Beijing has calculated that domestic politics in the US will prevail over foreign policy considerations and prevent the Biden administration from

rejoining the TPP. In effect, the US has withdrawn from international rule making in the area of trade, leaving the field to others, including China. But Chinaʼs application also gives Australia leverage. Australia could support Chinaʼs joining CPTPP on condition that it removes, at the very least, the arbitrary measures against Australian exports. Preferably, it would also remove those that are now subject to World Trade Organisation dispute settlement processes.

Of course, China meeting all other existing commitments would be a big challenge given how its economy operates. And other members will have anequally important say over this. It would be against Australiaʼs interest for Canberra to take up the cudgels and actively work against Chinaʼs potential membership, especially if it did so on behalf of the US.

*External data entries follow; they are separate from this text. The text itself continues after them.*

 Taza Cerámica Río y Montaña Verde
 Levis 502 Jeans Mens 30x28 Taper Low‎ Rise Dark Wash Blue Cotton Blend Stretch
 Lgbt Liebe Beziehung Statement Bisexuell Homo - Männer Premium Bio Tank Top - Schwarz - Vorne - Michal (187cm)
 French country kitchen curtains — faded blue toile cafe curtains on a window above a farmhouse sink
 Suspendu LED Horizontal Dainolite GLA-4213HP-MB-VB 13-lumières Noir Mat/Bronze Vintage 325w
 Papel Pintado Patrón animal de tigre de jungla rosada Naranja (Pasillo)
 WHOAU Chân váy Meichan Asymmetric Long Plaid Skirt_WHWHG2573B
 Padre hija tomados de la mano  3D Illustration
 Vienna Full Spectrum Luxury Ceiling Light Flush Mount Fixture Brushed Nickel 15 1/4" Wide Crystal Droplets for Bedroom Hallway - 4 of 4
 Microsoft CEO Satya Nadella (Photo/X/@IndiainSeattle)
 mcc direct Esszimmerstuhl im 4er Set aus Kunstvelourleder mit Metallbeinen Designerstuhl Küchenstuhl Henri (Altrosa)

Many existing CPTPP members would support Chinaʼs membership, and resent Australiaʼs opposition should that be its position. Chinaʼs advocacy, if it is serious, would be effective in most of the capitals of the other members. Australia may again find itself isolated in the region in exactly the sort of forum where it should and can display leadership.
Australiaʼs support for Chinaʼs membership may not itself be enough to restore relations in line with most other regional countries, including Japan, South Korea and Vietnam. The discriminatory measures Australia has been increasingly taking against Chinese inward investment in non-sensitive areas would probably also have to change.
A chance exists at this time to restore bilateral relations with China. But, of course, only if Canberra wants to. It will be a test for the maturity of Australian foreign policy for it to do so.